**What is expected:** Retype every line from the one containing "Bertrand.pt - Non-Melanoma" through the last line of the records below, both included; leave out the pictures.

(Caption-style text data)
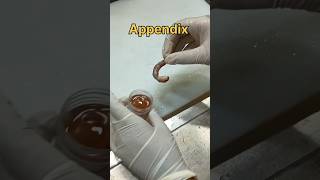 Appendicitis specimen [upl. by Niffirg652]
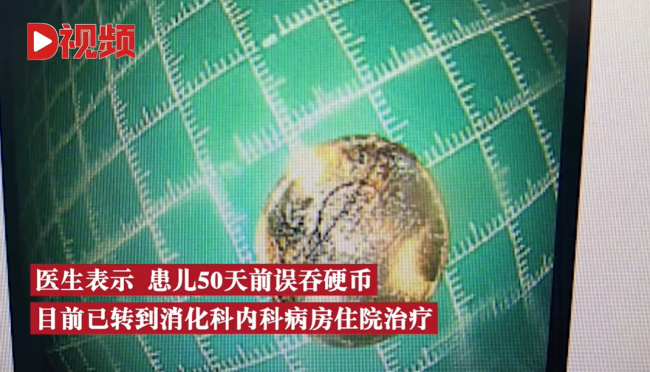 2岁娃咳嗽50天查出硬币卡喉 网友:这家长心真大-第4张图片-9158手机教程网 2岁娃咳嗽50天查出硬币卡喉 网友:这家长心真大-第4张图片-9158手机教程网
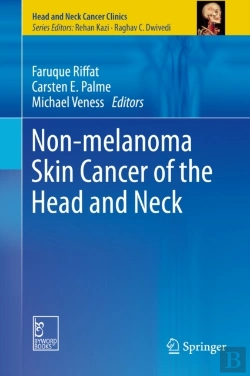 Bertrand.pt - Non-Melanoma Skin Cancer Of The Head And Neck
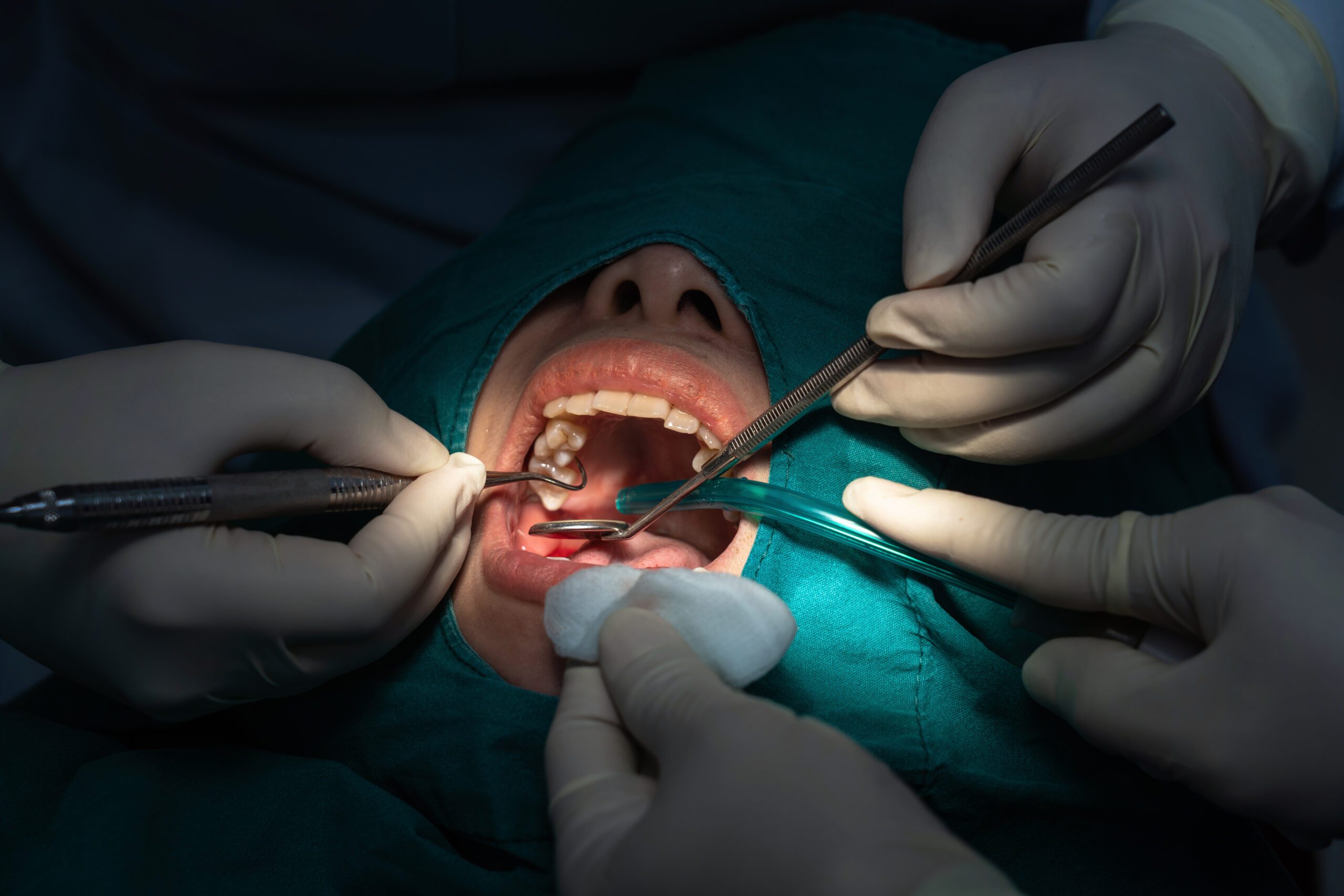 prevenir las caries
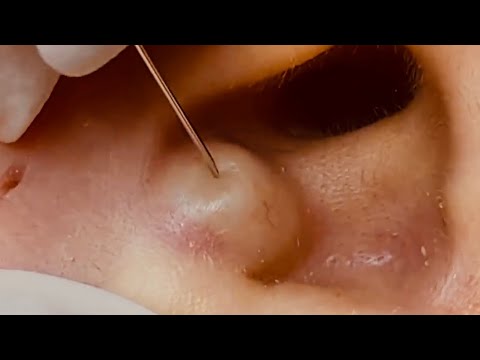 NEW Large Cyst Removal BEST POPS Compilation || w/ relaxing music & an OOZ GALORE!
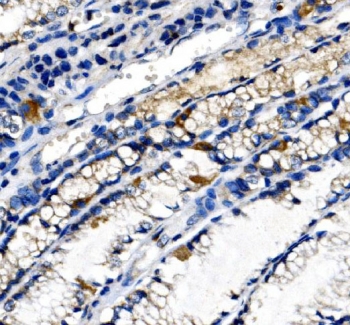 IHC staining of FFPE human gastric cancer tissue with Ghrelin antibody. HIER: boil tissue sections in pH8 EDTA for 20 min and allow to cool before testing.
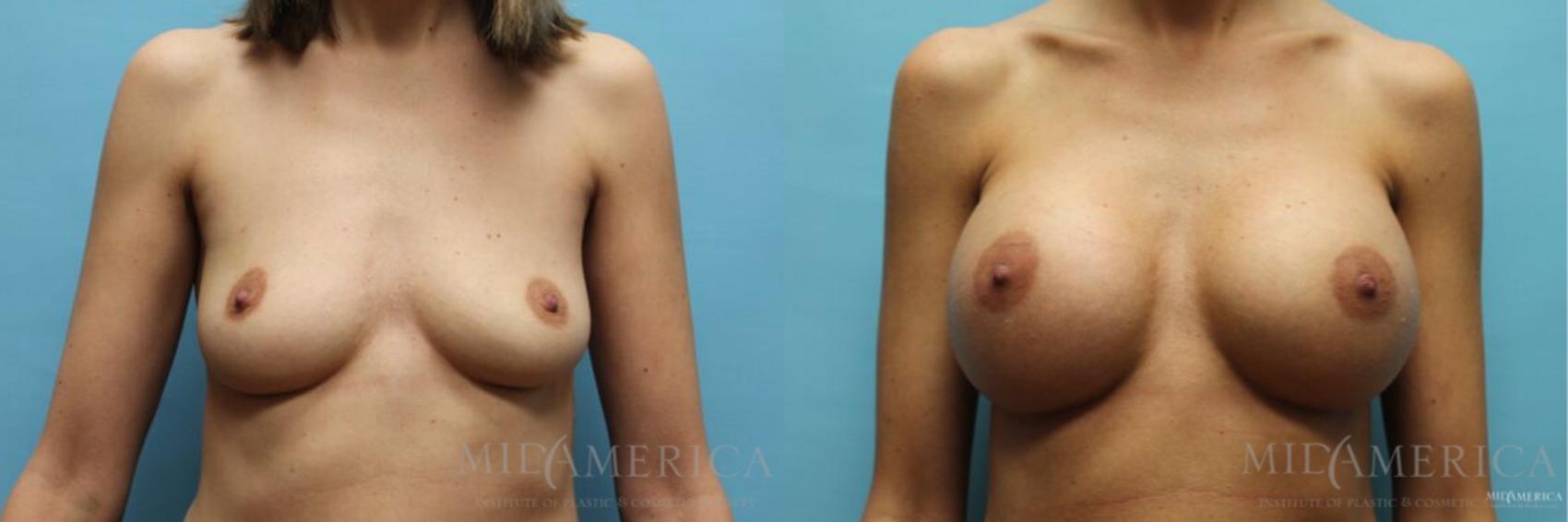 Before & After Breast Augmentation Case 106 View #1 View in Glen Carbon, IL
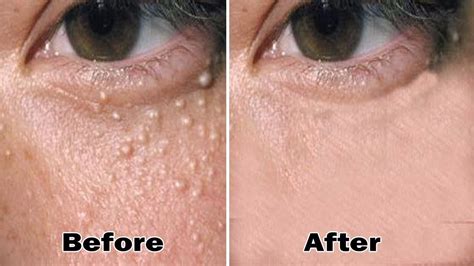 ways   rid  milk spots milia forehead acne bumps  eyes pimples  face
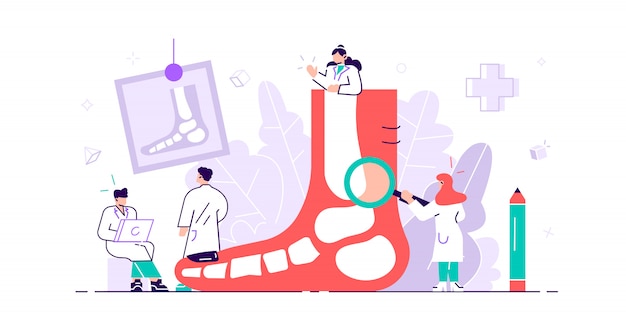 Concepto de podólogo. Traumatismo en pies y pies, patología y tratamiento de molestias por enfermedad con examen, cirugía o procedimientos. Pequeñas personas con enfermedades del pie, tobillo y extremidades inferiores. Ilustración plana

**Finished exercise:**
 Bertrand.pt - Non-Melanoma Skin Cancer Of The Head And Neck
 prevenir las caries
 NEW Large Cyst Removal BEST POPS Compilation || w/ relaxing music & an OOZ GALORE!
 IHC staining of FFPE human gastric cancer tissue with Ghrelin antibody. HIER: boil tissue sections in pH8 EDTA for 20 min and allow to cool before testing.
 Before & After Breast Augmentation Case 106 View #1 View in Glen Carbon, IL
 ways   rid  milk spots milia forehead acne bumps  eyes pimples  face
 Concepto de podólogo. Traumatismo en pies y pies, patología y tratamiento de molestias por enfermedad con examen, cirugía o procedimientos. Pequeñas personas con enfermedades del pie, tobillo y extremidades inferiores. Ilustración plana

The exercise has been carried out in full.